As notícias multiplicam-se e as ligações entre Lula da Silva, o processo Lava Jato, a maior investigação de corrupção na história do Brasil, a construtora Odebrecht e Portugal, parecem cada vez mais evidentes. Na edição deste domingo, o Correio da Manhã avança a informação, confirmada pelo Ministério Público do Paraná, de que a justiça brasileira terá pedido a colaboração de Portugal no âmbito do Lava Jato. Telegramas diplomáticos trocados entre 2011 e 2014, citados pela imprensa brasileira, dão conta de que Lula terá feito lobby para a Odebrecht em Portugal e também em Cuba. A Procuradoria-Geral da República já confirmou o pedido de colaboração das autoridades brasileiras: “Confirma-se a receção de pedido de cooperação judiciária internacional, através de carta rogatória”. A PGR acrescenta ainda que “o Ministério Público português não deixará de investigar todos os factos com relevância criminal que cheguem ao seu conhecimento.”

Não se sabe o que está na origem do pedido de colaboração com a justiça portuguesa. Segundo o Correio da Manhã, podem estar em causa algumas das recentes viagens do ex-presidente brasileiro a a Portugal: seis delas estão a ser alvo de investigação por terem sido alegadamente pagas pela construtora Odebrecth, incluindo a vinda de Lula a Lisboa, em 2013, para apresentar o livro de José Sócrates sobre a tortura em democracia.

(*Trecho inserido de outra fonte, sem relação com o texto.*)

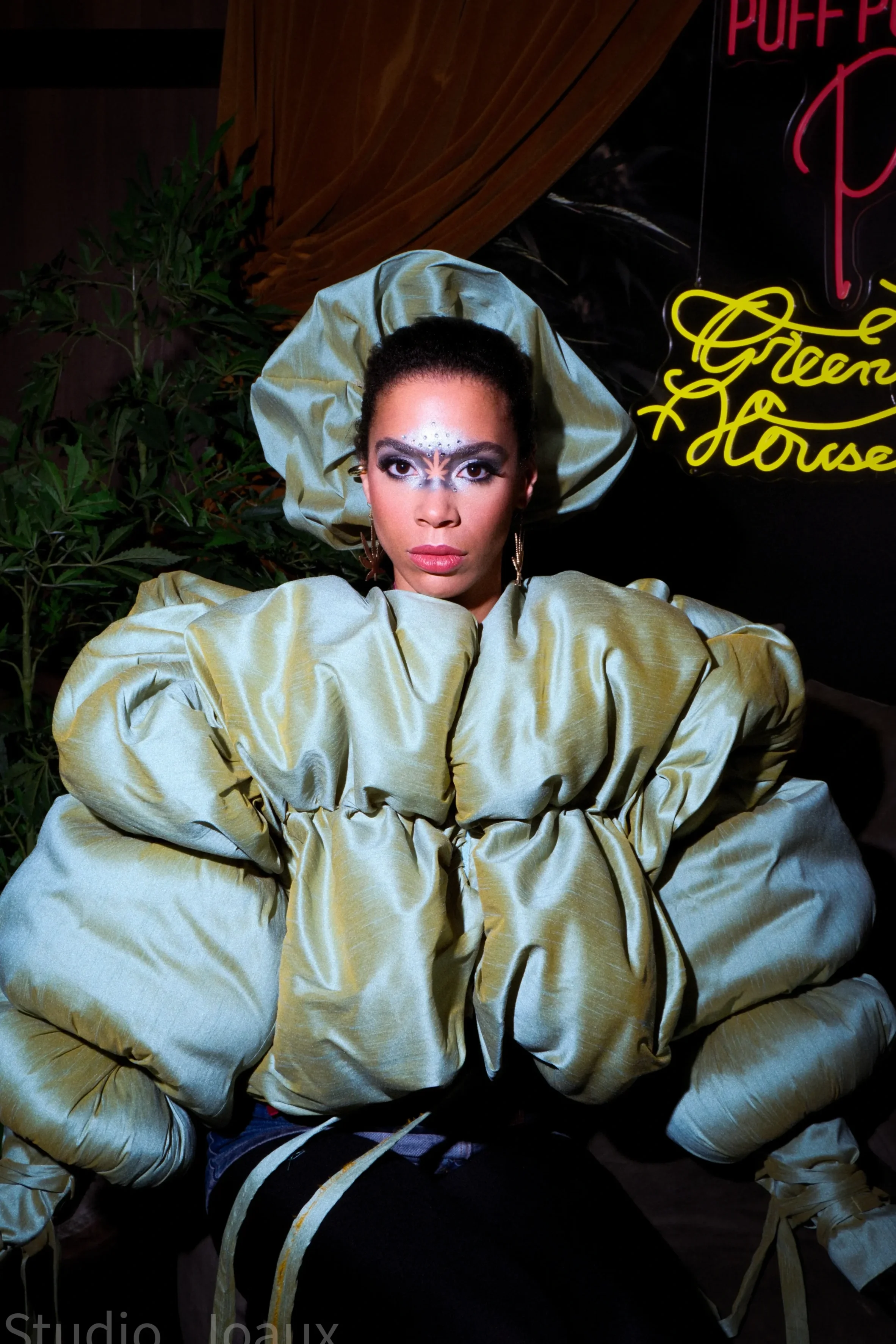 Een vrouw in een opvallende gele jas en grote hoed, met kunstzinnig make-up rond haar ogen, poseert voor een achtergrond met planten en neonlichten die onder andere de woorden 'Puff Puff' en 'Green & Horse' bevatten.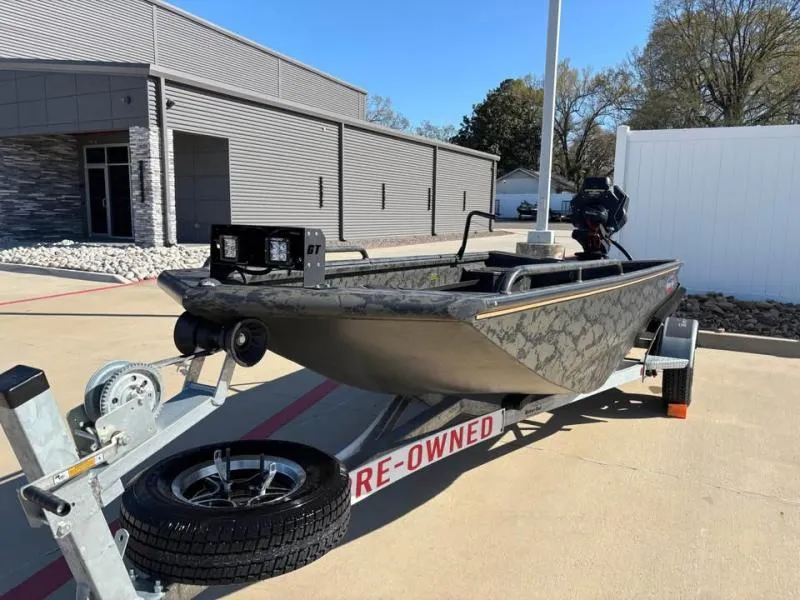 Slide: The Image of 2025 Gator Tail 17/50 Mid-Deck Savage Series boat on trailer, pre-owned, parked outdoors. - 2
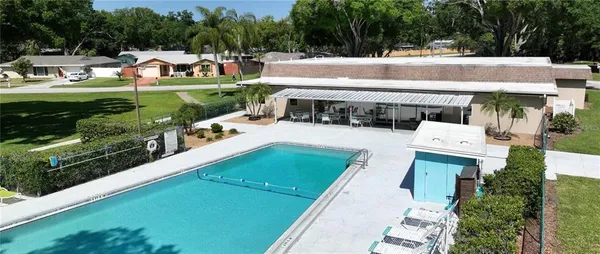 an aerial view of a house with a garden and swimming pool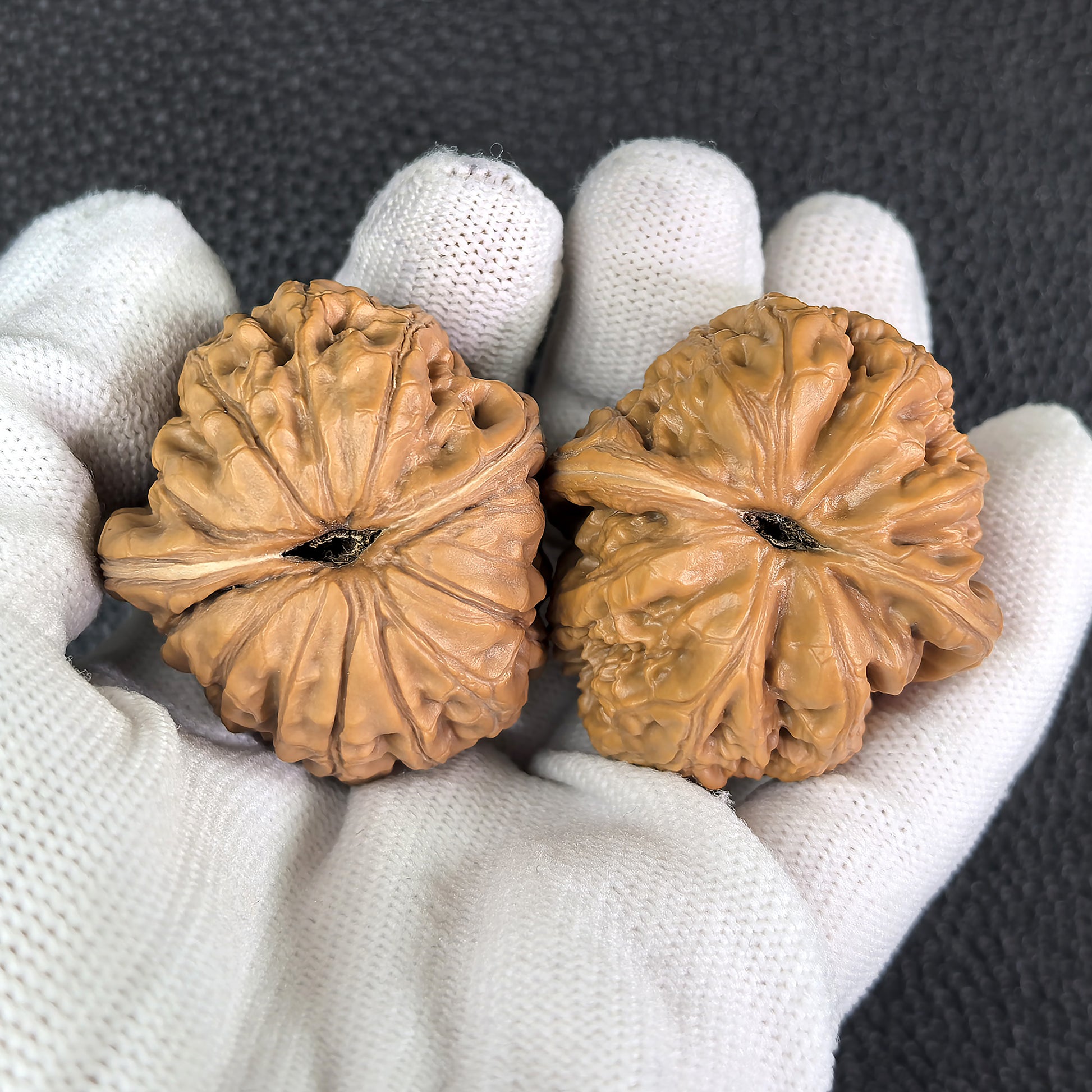Pair of Pinggu Ingot walnut hand exercisers from ThePatinaProject, measuring 39mm x 42mm, designed for hand strengthening.
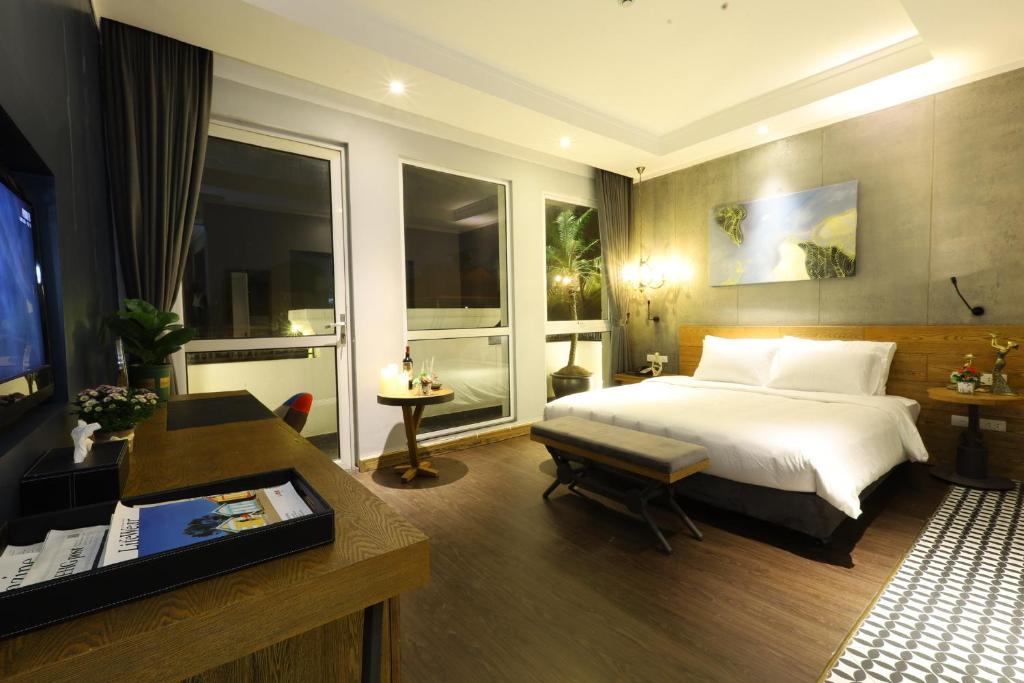 TV a/nebo společenská místnost v ubytování HaNoi Calido Hotel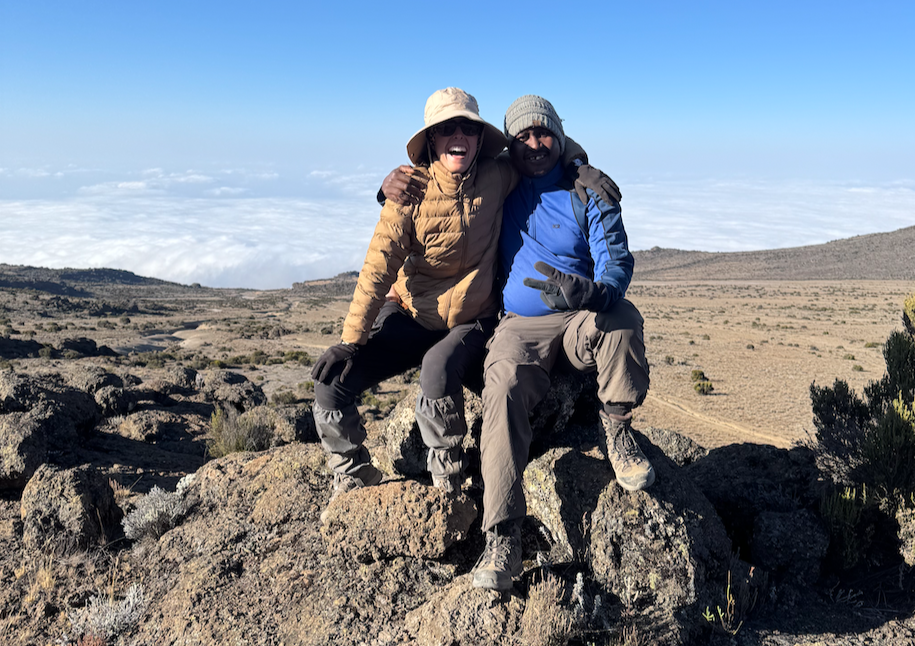 Two people sit on a rocky mountaintop, arms around each other, above a sea of clouds under a blue sky.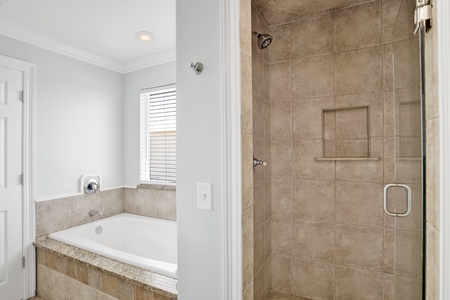 Walk-in tile shower and tub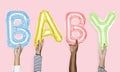 Hands showing baby balloons word Royalty Free Stock Photo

O presidente da Odebrecht Portugal, Fábio Januário, garantiu, no entanto, em declarações ao semanário Expresso, que aquela viagem financiada pela construtora foi apenas para trazer Lula às comemorações dos 25 anos da empresa.

Certo é que a imprensa brasileira cita hoje algumas das habituais mensagens trocadas entre 2011 e 2014, entre embaixadores brasileiros no estrangeiro e o Ministério dos Negócios Estrangeiros, para dar conta das suas atividades. Em algumas delas mostra-se como as atividades de Lula da Silva em favor do grupo Odebrecht no estrangeiro ultrapassaram a mera contratação para “dar palestras”, que tem sido sempre o pretexto defendido pelo Partido Trabalhista e pela construtora.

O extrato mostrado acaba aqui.